Factors that may influence the risk/cost: benefit analysis
There are a number of issues that should receive significant discussion and achieve consensus among stakeholders before clinical trials are initiated. The first is an ethical question. Should clinical trials be performed in endemic regions if there is no plan or mechanism to deploy a successful product to the general population of that area? Affordability, sustainability, and logistics would have to be considered, and metrics for safety and efficacy would need to be clearly defined to determine whether a product would advance towards licensure and clinical use. The factors that will influence the analysis are dynamic and could change incrementally or abruptly. Changes in incidence, MPX genetic evolution, frequency of person-to-person spread, and geographic distribution could be followed prospectively and decisions to act could be made based on predetermined thresholds. Other factors like new bioterrorism threats, sudden emergence of MPX in an entirely new geographic area or in new intermediate hosts, emergence of new co-existing conditions in local populations that would change safety considerations or change relative priorities for resource expenditures, or changes in political or social stability would be more difficult to anticipate.
Conclusions
MPX is endemic in some regions of Central Africa, particularly where people have a direct interface with remote forested areas. It causes disease with significant morbidity and mortality, and the incidence has been increasing since routine smallpox vaccination ended. There are a number of vaccine concepts that have been developed as alternative smallpox vaccines beyond live vaccinia inoculation that have demonstrated efficacy against MPX in preclinical testing. Here we discussed factors that would influence a cost:benefit or risk:benefit analysis of whether candidate smallpox vaccines should be evaluated in regions endemic for MPX to determine whether they can prevent virulent orthopoxvirus infection in the field. In addition, we considered factors that may influence decisions to implement vaccination as a public health measure to control the spread of MPX. There are benefits to field-testing candidate smallpox vaccines, and in addition there would be immediate public health benefits from implementing MPX vaccination in endemic regions. This dynamic subject merits ongoing discussion among scientists, ethicists, public health officials, industry representatives, and political leaders to track the factors that would alter the tipping point in favor of or against implementing vaccination programs for MPX.
Recommendations
The questions of whether or not to conduct field trials for vaccines and implement vaccination to control MPX in endemic regions will need to be answered periodically by the appropriate stakeholders for each affected region. The authors suggest that the current actions should be taken to inform these decisions:
- Maintain surveillance in endemic regions to monitor incidence, disease severity and frequency of person-to-person spread, and change in geographic range.
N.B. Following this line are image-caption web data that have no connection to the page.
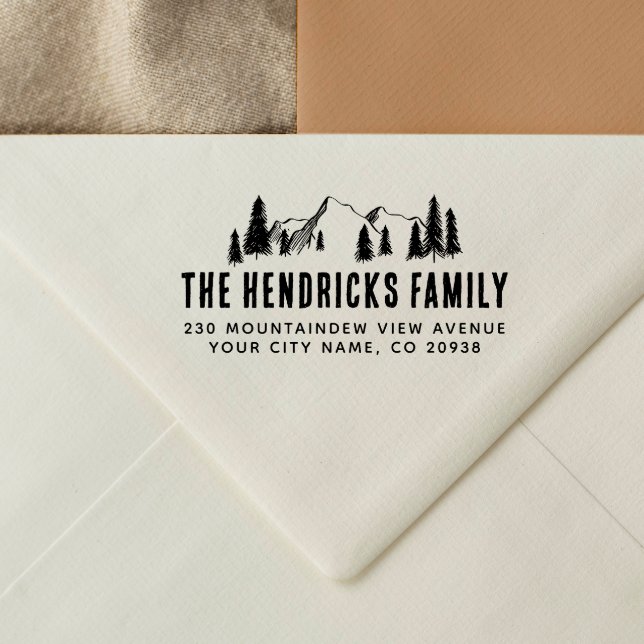 Tampon Auto-encreur Mountain & Pine Trees Rustic Sketch Adresse de ret (Rubber Stamp Mock-up)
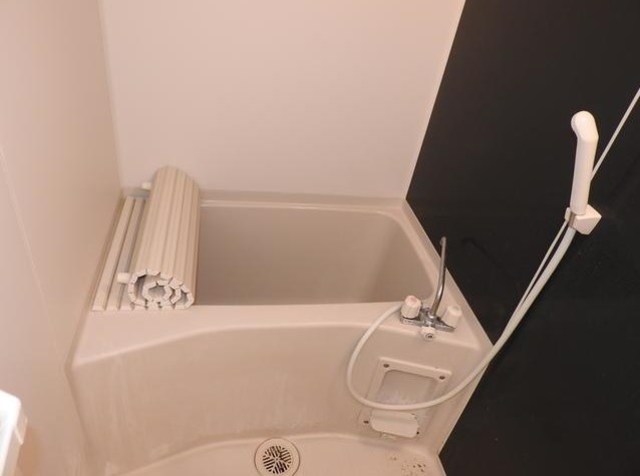 バス・シャワールーム　バスルーム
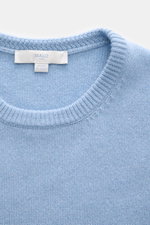 Malo Cashmere Rundhalspullover hellblau, Nahaufnahme von oben, reiner Cashmere, weicher Griff, mittelfeines Strickbild, Slim Fit, Rundhalsausschnitt, breite Rippbündchen.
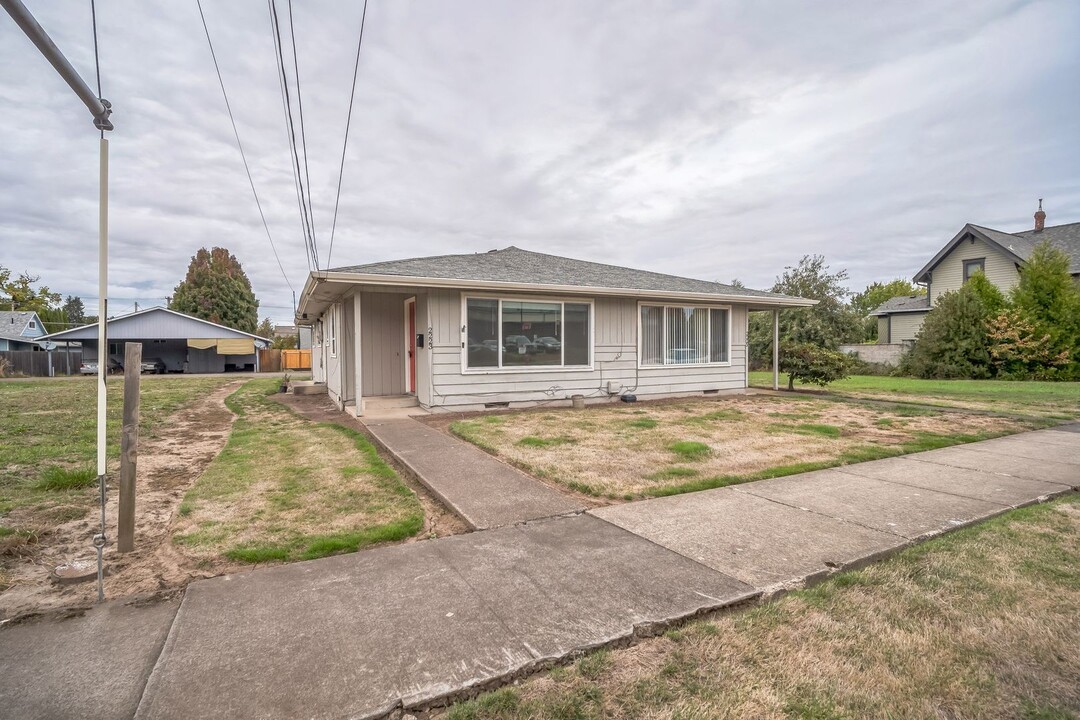 2223 University Ave in Forest Grove, OR - Building Photo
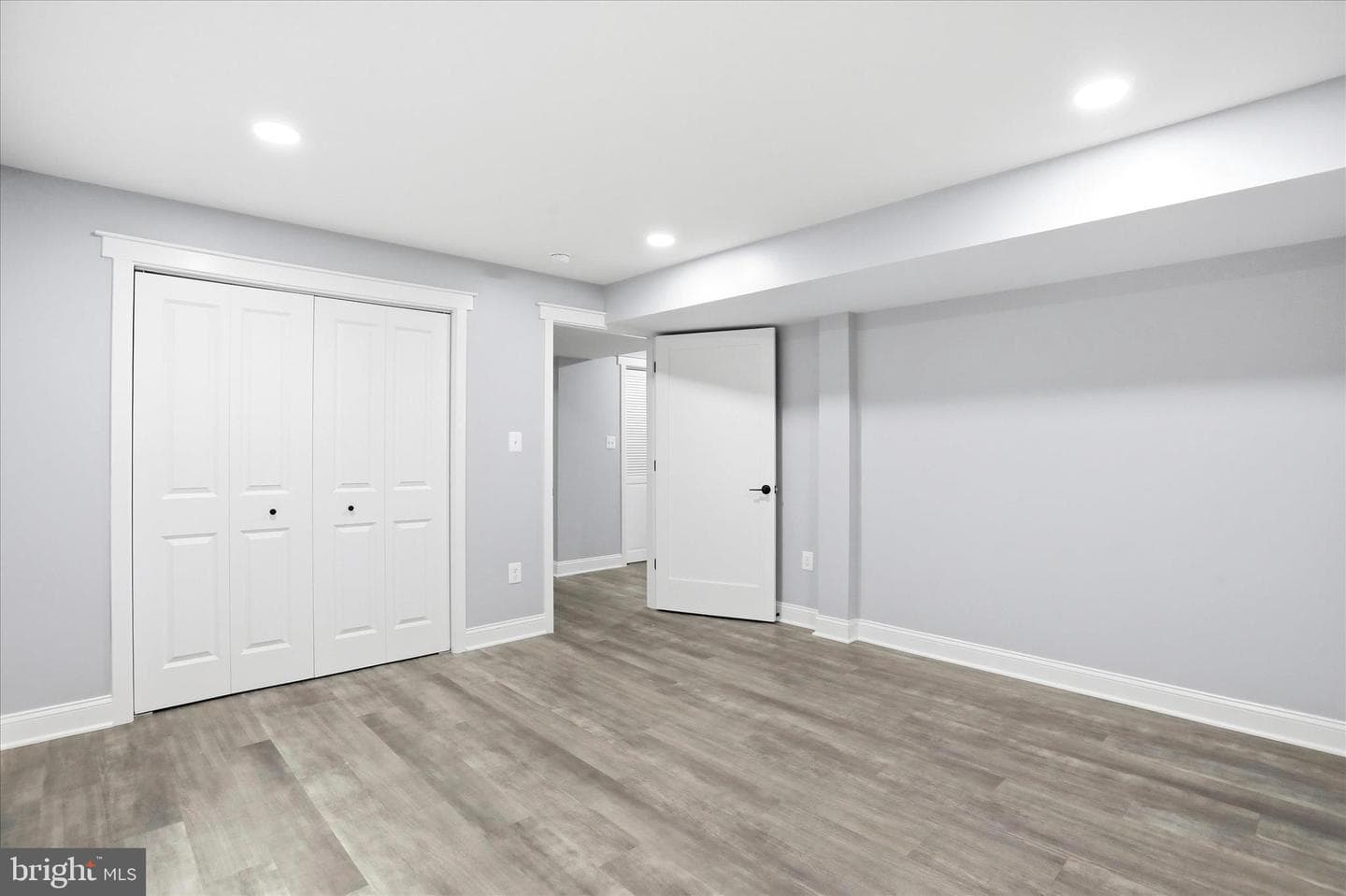 1357 N Royal Avenue photo 41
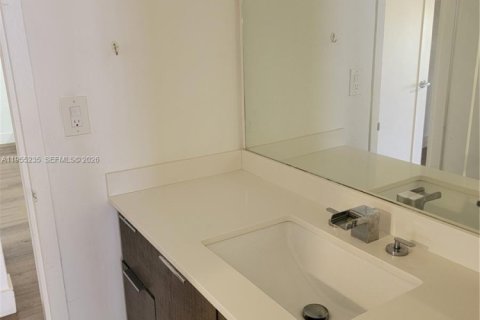 Condominio en alquiler en Doral, Florida, 2 dormitorios, 93.37 m2 № 2010162 - foto 12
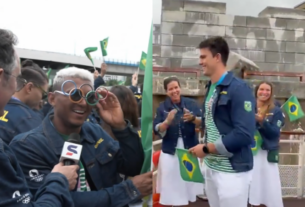 Na abertura, Time Brasil atravessa o rio Sena com direito a festa de aniversário. Veja!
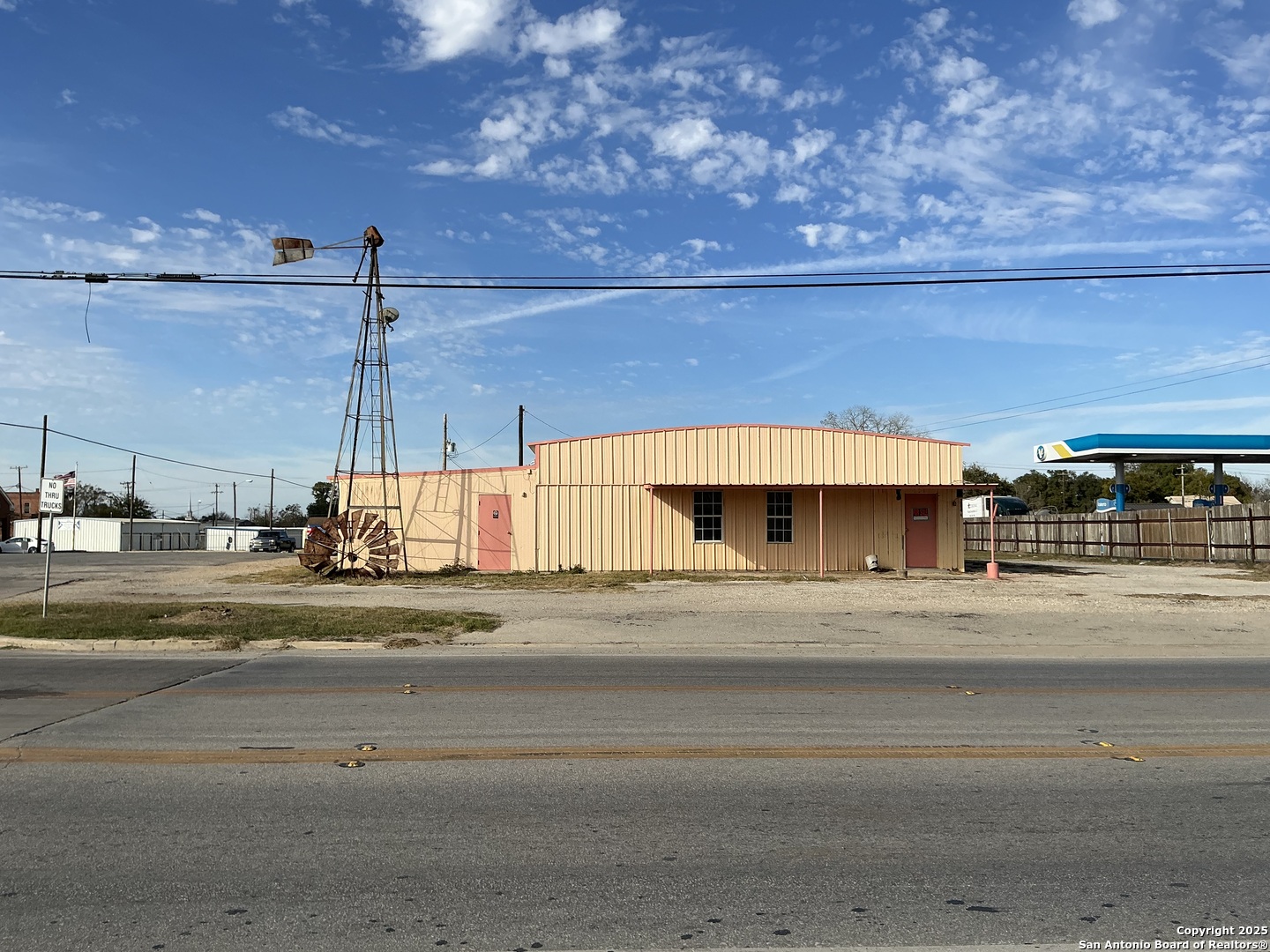 Perfect Location for a Restaurant, Retail or Office Space. Located on the main thoroughfare between San Antonio and Victoria. High traffic location.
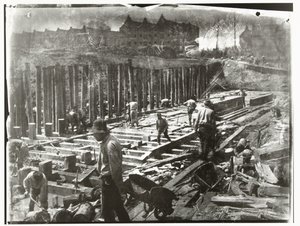 Operai edili al lavoro in uno scavo in Van Diemenstraat ad Amsterdam da George Hendrik Breitner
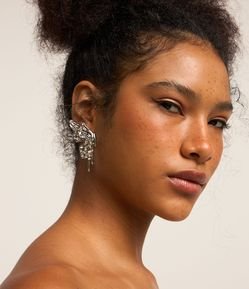 Brinco Botão em Metal Meia borboleta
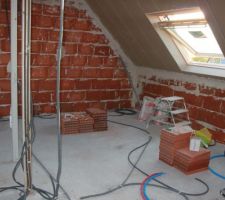 Combles cloisons en cours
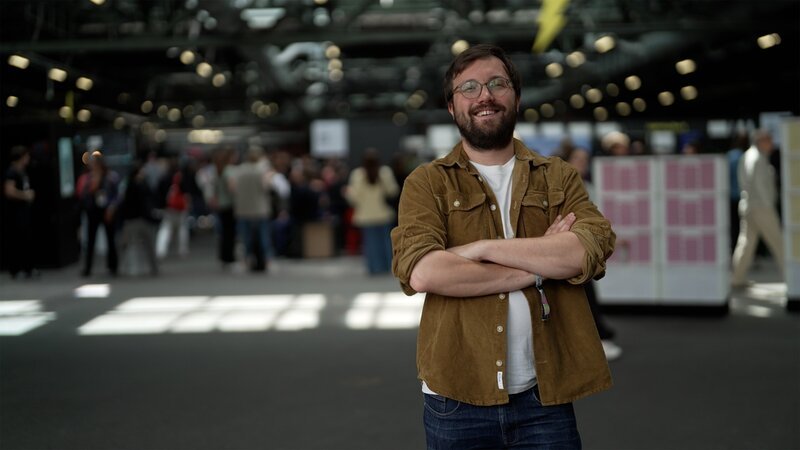 Matthias Heider forscht zu Rechtsextremismus und Gaming und hält dazu zahlreiche Vorträge auf Messen und Konferenzen. – Bild: ZDF und Tim Hein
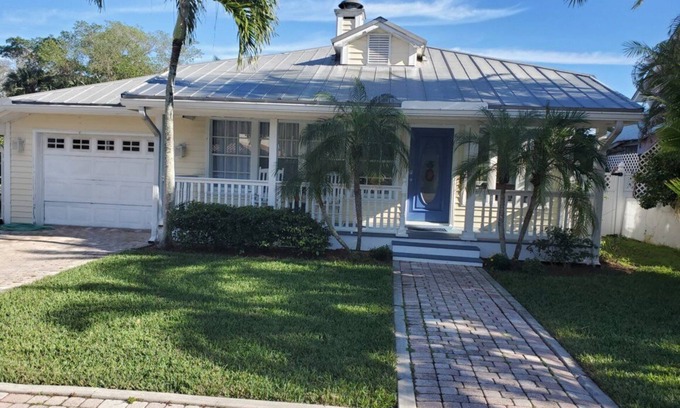 Stuart House | Maison du Soleil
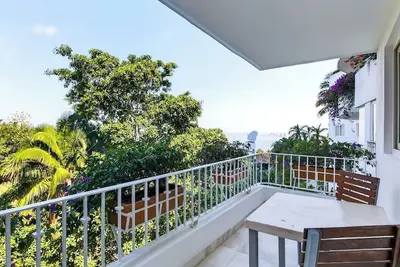 Image de Luxurious partial ocean-view suite with 3 pools, hot tub, gym & balcony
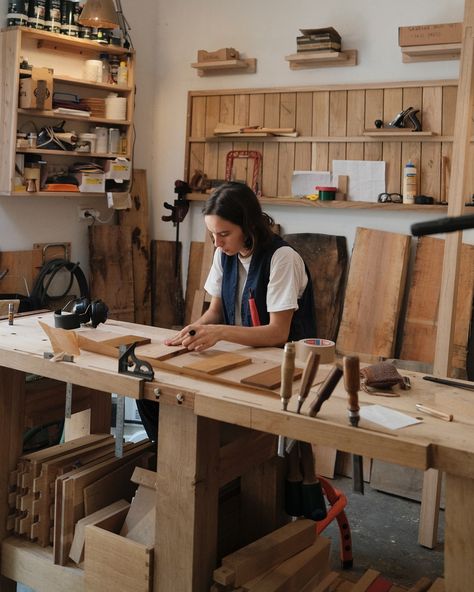 Teresa preparing a set of samples with @rubiomonocoat @ateliermateus #marcenaria #woodworking #workbench #rubiomonocoat #atelier #lisboa Wood Carving Workshop, Wood Working Aesthetic, Woodwork Aesthetic, Female Woodworker, Woodworking Aesthetic, Tool Cupboard, Woodshop Plans, Leathercraft Workshop, Woodworking Space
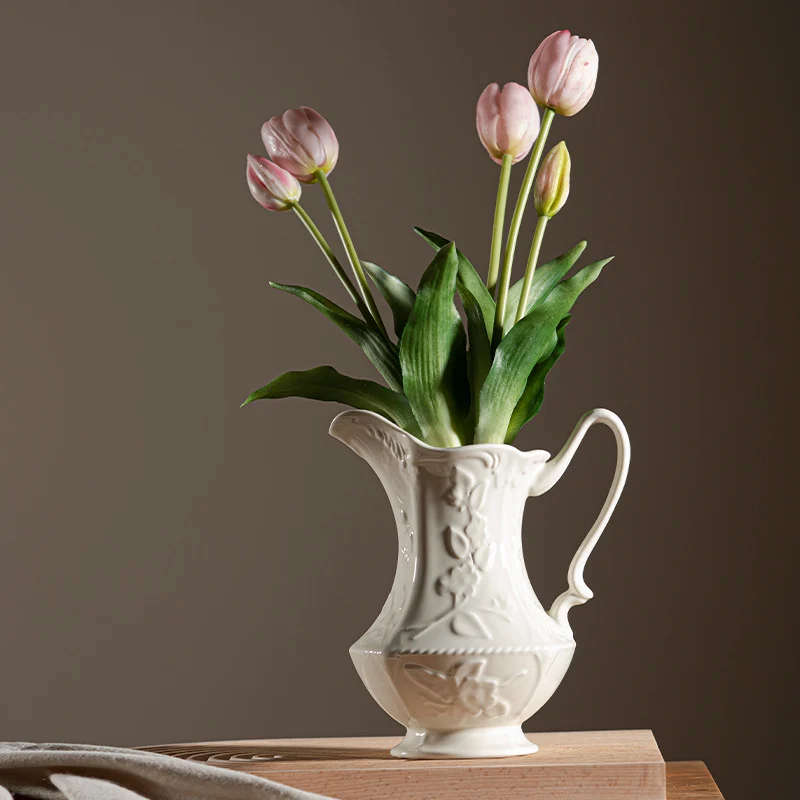 Eleganter floraler geprägter Keramikkrug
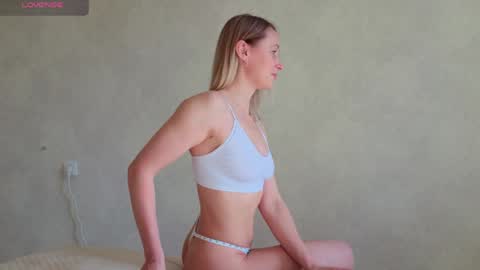 Snapshot of bestgirls2021 chatting on May 2026 01:46:01 AM Hellen and Natali online show from May 2026 01:46:01 AM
- Selectively sequence MPX isolates to define genetic changes associated with transmissibility or virulence.
- Define intermediate hosts and animal reservoirs. Immunization of people will not modify the reservoir or the amount of MPX found in amplification vectors, and therefore may not be effective in controlling the geographic spread of MPX if it is determined by the movement of animals.
- Explore MPX treatment options and other prevention measures. Because clinical diagnosis is relatively easy, an effective treatment option may be a more practical intervention than vaccination.
- If immunization studies in developing countries are contemplated to support the licensure of orthopoxvirus vaccines for industrialized countries or for military purposes, then provisions from those countries or organizations should be secured to distribute successful products in endemic regions where the products were tested.